Life Coaching emerged in Britain in the late 1990’s and is now growing steadily. In 1998 there were five members of the ICF in the United Kingdom, now there are over 400. BBC’s Life Laundry has proved popular, and although Carole Caplin has caused them to be rebranded “lifestyle gurus” the profile of coaches has been raised over the debacle with Cherie Booth’s Bristol flats. A lot of people are more open to it now. In 10 years time it’ll be as common to have a lifestyle coach in a gym as a personal trainer.
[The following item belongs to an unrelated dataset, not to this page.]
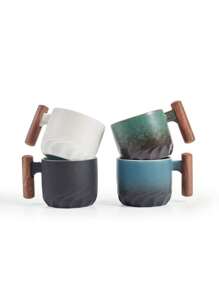 Ceramic Wooden Handle Italian Coffee Cup, Sandalwood Handle Tea Cup With Tea Strainer And Lid, Ceramic Tea Cup Japanese Style Wooden Handle Porcelain Small Coffee Cup Gradient Glaze Tea Cup Ceramic Kung Fu Small Tea Cup, Gift Box Set For Afternoon Tea, Italian Espresso Cup Japanese Style Simple Mini Coffee Cup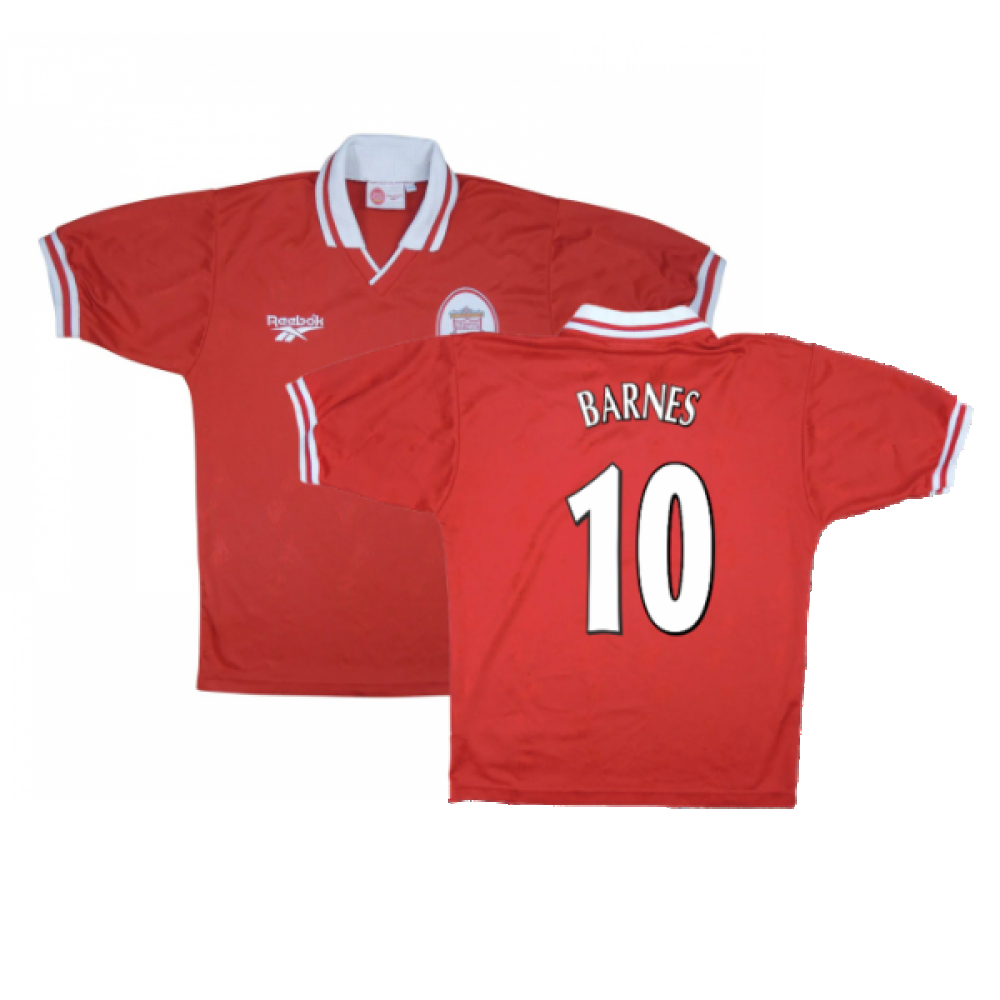 '96-'98 Liverpool Home Shirt ) (Very Good) (Barnes 10) Polyester Made By: Reebok Men's Red Extra Large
What Life Coaching is not.
There are many ways to personal improvement, and not all of them are coaching. Coaching has a few characteristics that set it apart. Unlike therapy or counselling, coaching is primarily present-oriented. A coach will have a good general understanding of how past events can shape a person and their performance in the present (typically through the effects of inherited self-esteem and negative beliefs). A coach may work with the client to relieve these problems, through affirmations, for example, or other exercises. But fundamentally, coaching deals with what is happening now and in the immediate future. It does not reflect on the client’s past to unravel complex elements within the psyche.
Unlike mentoring, coaching is not instructional. It does not bestow new vocational skills or provide “answers” through the teachings of an expert, though coaches may provide some learning experiences that equip the client with some new tools. Coaches help the client to find their own way; they do not give directions.